D'après le professeur Brunet, seul historien à avoir consulté toutes les archives (après Mandelkern) leur nombre est de 34 pour tout  le mois d'octobre, et la majorité n'est pas imputable à la police.
Il est vrai que des groupes anti-terroristes ont pratiqué des noyades, mais selon les harkis de Paris, la majorité est imputable au conflit FLN-MNA.

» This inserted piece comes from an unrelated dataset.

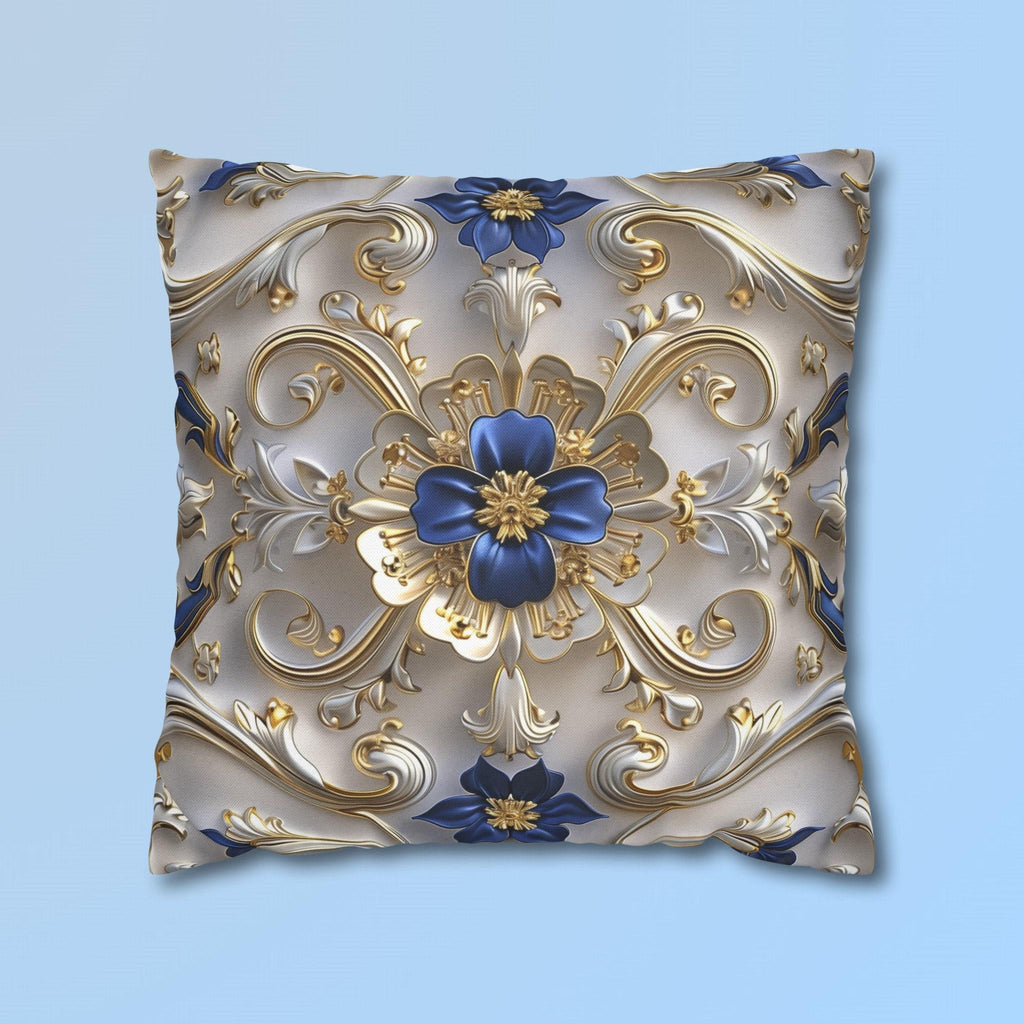 Baroque Inspired Throw Pillow Cover Blue and Gold Ornate Design Elegant Home Decor Gift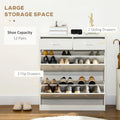 Narrow Shoe Storage with 2 Flip Drawers and Adjustable Shelves Shoe Cabinet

5. La repentance, si on l'estime nécessaire, ne peut pas être unilatérale (voir Pervillé).
Il faut rappeler aux Algériens :
- la piraterie barbaresque du 17° au 18° siècle (1.250.000 esclaves européens selon R. Davies)
- la violences inexpiable en 1830 selon Daniel Rivet : " les collaborateurs de l'Etat français sont brûlés vifs ou ont les yeux arrachés".
- la répression brutale de mai 1945, août 1955 et année 1957 est due au terrorisme aveugle, justifié par Sartre mais condamné par A.Camus et Badinter.
- les enlèvements de 1.600 Européens à partir d'avril 1962 jusqu'à 1964
- le massacre de 60 à 80.000 harkis en 1962.
- le non respect des accords d'Evian

6. Il faut rappeler enfin que la colonisation au 19° siècle relève d'une idéologie républicaine, inspirée des Lumières, de la propagande révolutionnaire, du saint-simonisme, elle est illustrée par Victor Hugo: "un peuple éclairé va trouver un peuple dans la nuit".
Elle présente des aspects positifs et négatifs.
L.Blum a repris les arguments "racistes" de Jules Ferry.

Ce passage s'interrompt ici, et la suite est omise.